Sunday, March 20, 2011

Writing by Rules, Living by Rules: Carrie Tiffany and Everyman's Rules

Tiffany, Carrie. Everyman's Rules for Scientific Living. Oxford: Picador, 2006 (2005).

Carrie Tiffany's Everyman's Rules for Scientific Living begins with a burst of motion as the Better Farming Train carrying protagonist Jean Finnegan across Australia rumbles in and out of small rural towns, where Jean and her train-based colleagues hope to instruct townsfolk in the art of living scientifically. Some of the train's inhabitants are skilled cattle breeders, others know just how to nurture soil into producing more grain, and Mr. Ohno is even a chicken sexer. Jean works in a car with two other women who help women in the rural towns they visit to cook, sew, and care for children more efficiently (and scientifically).

After a few months on the train, Jean's adventures as a traveller are cut short by a burst of romance, and she departs the train with her beloved to establish a farm of their own. Yet despite her young and enthusiastic love, marriage and farm life in rural Australia soon prove to be a bit more difficult than Jean expected. As she attempts to be a proper Scientific wife, and her husband sows grain in a proper Scientific experiment, their lives are complicated by weather, neighbours, and even the simple complications of living together.

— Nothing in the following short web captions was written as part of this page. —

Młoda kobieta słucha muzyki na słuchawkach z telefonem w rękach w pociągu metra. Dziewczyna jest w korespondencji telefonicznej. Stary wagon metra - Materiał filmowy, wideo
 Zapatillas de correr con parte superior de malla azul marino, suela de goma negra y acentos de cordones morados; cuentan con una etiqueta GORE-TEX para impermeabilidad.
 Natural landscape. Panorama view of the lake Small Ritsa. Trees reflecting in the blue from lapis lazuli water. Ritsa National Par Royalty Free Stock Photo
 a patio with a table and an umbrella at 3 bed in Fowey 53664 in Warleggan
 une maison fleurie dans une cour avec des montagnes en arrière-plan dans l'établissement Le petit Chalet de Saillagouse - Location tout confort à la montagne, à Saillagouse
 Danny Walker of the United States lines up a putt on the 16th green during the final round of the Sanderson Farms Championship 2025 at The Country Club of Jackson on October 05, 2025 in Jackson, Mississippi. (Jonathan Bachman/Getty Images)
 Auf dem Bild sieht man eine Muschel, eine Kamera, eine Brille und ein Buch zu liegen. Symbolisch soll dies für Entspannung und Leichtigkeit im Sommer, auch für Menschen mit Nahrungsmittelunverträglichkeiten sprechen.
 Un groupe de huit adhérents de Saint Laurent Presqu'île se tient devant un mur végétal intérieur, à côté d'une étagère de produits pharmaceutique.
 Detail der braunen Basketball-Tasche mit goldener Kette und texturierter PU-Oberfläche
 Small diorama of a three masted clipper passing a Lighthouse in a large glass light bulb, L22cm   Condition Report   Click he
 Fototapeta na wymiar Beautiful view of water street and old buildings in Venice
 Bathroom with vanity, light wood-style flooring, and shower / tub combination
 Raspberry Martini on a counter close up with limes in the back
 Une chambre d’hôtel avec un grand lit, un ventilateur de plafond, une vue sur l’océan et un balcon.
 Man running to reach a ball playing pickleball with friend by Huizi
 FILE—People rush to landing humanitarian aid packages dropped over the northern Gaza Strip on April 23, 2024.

In many ways, this is a fairly slow read, as the book progresses at a languorous pace, describing personalities and science more than events and incidents, but for individuals interested in rural Australian life, or the development of agricultural science, or even (more generally) the daily frustrations of farmers and their families, Everyman's Rules for Scientific Living would be an excellent choice.